Knocking at the digital door

Many people worldwide turn to the internet to seek out health information privately, according to Jim Downs, historian and author of the book Maladies of Empire: How Colonialism, Slavery, and War Transformed Medicine.

“Web-MD and other online resources, like ChatG[P]T, allow for an anonymity that many patients desire to avoid the stigma of being labeled unhealthy or sick. Historically, patients have feared clinicians pathologizing their behavior, bodies, and, even, their identities,” Downs said.

However, AI chatbots may not be ready to bridge this doctor-patient divide. Researchers have claimed that AI chatbots largely generate results which favour India’s privileged castes and economic classes while possibly excluding marginalised communities, reported Reuters in September.
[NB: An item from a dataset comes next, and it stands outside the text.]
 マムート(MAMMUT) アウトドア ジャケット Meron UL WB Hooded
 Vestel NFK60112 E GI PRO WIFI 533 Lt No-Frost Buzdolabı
In the healthcare sector, ChatGPT was shown to generate false results claiming there were physiological differences in Black people’s bodies when compared to other races, per a study in the Digital Medicine journal.

Looking back, Downs explained that fields such as epidemiology (the study of diseases and how they affect groups of people) largely emerged from slavery or colonialism, with doctors studying the spread of diseases in subjugated populations—such as Indians under British rule in the 19th century.
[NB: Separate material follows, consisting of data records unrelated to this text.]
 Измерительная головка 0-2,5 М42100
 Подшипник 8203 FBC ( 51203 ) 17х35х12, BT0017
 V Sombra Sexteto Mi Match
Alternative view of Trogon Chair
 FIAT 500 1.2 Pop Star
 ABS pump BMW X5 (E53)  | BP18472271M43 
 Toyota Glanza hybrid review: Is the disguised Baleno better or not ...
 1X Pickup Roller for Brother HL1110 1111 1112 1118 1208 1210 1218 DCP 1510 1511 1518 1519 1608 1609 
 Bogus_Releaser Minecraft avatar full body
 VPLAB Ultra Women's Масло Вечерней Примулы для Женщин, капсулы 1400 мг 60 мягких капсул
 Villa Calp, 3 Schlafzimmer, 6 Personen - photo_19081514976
“This same pattern applies to the birth of psychology as a field. It emerged from a specific historical case studies that articulated Indian and other people of colour throughout the world as inferior to white Europeans,” Downs said.

He pointed to scholar Sunil Bhatia’s book Decolonizing Psychology, which explores how early psychology was based on unscientific ideas of white supremacy over colonised Indians. Downs stressed on the importance of including multiple cultures and complex identities when recognising health conditions even today.

“Therefore, we need to be suspicious of AI generated understandings of health and illness because they may propagate Eurocentric understandings of medicine that fail to recognize the cultural specificity of people India and in other cultures around the world,” he said.

A stop-gap arrangement?

Sanskriti noted that matching with the right (human) therapist is a process of trial and error, but insisted that finding one is still important.

“I feel I am more at ease when I’m talking to a therapist because it’s a more free-flowing conversation. Her insights are deeper. It also comes from the previous sessions,” she said, explaining how her therapist was able to identify triggers or link certain anecdotes to her childhood—which ChatGPT cannot do.

On the other hand, Sanskriti recalled how ChatGPT helped her when she was facing a medical emergency at home. The chatbot answered some of her healthcare doubts, which let her decide what kind of specialists to contact and what her next step should be. Her therapist would not have been qualified or even permitted to help in this area.

“It is not layered, it is not insightful. But I feel sometimes ChatGPT manages to ease my anxiety for that very moment,” Sanskriti admitted.